= Task item =
Transcribe everything in the records, dropping and changing nothing.

= Input =
-*-

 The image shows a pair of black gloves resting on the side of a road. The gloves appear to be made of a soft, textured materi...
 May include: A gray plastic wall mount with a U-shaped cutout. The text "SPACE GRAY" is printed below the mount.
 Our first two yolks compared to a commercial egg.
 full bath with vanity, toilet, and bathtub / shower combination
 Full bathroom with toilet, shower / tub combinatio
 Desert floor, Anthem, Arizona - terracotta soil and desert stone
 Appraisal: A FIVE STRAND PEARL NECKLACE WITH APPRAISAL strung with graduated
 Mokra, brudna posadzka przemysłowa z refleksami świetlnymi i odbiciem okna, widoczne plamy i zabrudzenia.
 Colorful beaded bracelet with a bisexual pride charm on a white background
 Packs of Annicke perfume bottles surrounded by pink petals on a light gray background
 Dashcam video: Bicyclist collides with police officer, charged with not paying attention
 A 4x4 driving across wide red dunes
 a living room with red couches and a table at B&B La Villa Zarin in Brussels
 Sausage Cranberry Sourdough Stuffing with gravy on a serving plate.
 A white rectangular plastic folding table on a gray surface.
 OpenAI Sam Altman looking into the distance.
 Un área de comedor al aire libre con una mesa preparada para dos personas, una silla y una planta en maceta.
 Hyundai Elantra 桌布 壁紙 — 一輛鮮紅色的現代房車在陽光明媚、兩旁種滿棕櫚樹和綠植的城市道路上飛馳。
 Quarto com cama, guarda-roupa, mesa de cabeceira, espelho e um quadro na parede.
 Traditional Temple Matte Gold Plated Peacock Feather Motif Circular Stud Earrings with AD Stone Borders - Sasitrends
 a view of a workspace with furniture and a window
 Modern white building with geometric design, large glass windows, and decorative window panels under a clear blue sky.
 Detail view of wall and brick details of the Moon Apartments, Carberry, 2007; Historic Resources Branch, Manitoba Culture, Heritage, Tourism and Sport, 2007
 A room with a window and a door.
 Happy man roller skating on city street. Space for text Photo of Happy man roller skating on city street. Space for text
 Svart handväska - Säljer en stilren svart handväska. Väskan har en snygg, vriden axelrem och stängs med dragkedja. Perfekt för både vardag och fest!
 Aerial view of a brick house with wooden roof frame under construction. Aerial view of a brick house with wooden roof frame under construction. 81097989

-*-

= Answer to this task =
 The image shows a pair of black gloves resting on the side of a road. The gloves appear to be made of a soft, textured materi...
 May include: A gray plastic wall mount with a U-shaped cutout. The text "SPACE GRAY" is printed below the mount.
 Our first two yolks compared to a commercial egg.
 full bath with vanity, toilet, and bathtub / shower combination
 Full bathroom with toilet, shower / tub combinatio
 Desert floor, Anthem, Arizona - terracotta soil and desert stone
 Appraisal: A FIVE STRAND PEARL NECKLACE WITH APPRAISAL strung with graduated
 Mokra, brudna posadzka przemysłowa z refleksami świetlnymi i odbiciem okna, widoczne plamy i zabrudzenia.
 Colorful beaded bracelet with a bisexual pride charm on a white background
 Packs of Annicke perfume bottles surrounded by pink petals on a light gray background
 Dashcam video: Bicyclist collides with police officer, charged with not paying attention
 A 4x4 driving across wide red dunes
 a living room with red couches and a table at B&B La Villa Zarin in Brussels
 Sausage Cranberry Sourdough Stuffing with gravy on a serving plate.
 A white rectangular plastic folding table on a gray surface.
 OpenAI Sam Altman looking into the distance.
 Un área de comedor al aire libre con una mesa preparada para dos personas, una silla y una planta en maceta.
 Hyundai Elantra 桌布 壁紙 — 一輛鮮紅色的現代房車在陽光明媚、兩旁種滿棕櫚樹和綠植的城市道路上飛馳。
 Quarto com cama, guarda-roupa, mesa de cabeceira, espelho e um quadro na parede.
 Traditional Temple Matte Gold Plated Peacock Feather Motif Circular Stud Earrings with AD Stone Borders - Sasitrends
 a view of a workspace with furniture and a window
 Modern white building with geometric design, large glass windows, and decorative window panels under a clear blue sky.
 Detail view of wall and brick details of the Moon Apartments, Carberry, 2007; Historic Resources Branch, Manitoba Culture, Heritage, Tourism and Sport, 2007
 A room with a window and a door.
 Happy man roller skating on city street. Space for text Photo of Happy man roller skating on city street. Space for text
 Svart handväska - Säljer en stilren svart handväska. Väskan har en snygg, vriden axelrem och stängs med dragkedja. Perfekt för både vardag och fest!
 Aerial view of a brick house with wooden roof frame under construction. Aerial view of a brick house with wooden roof frame under construction. 81097989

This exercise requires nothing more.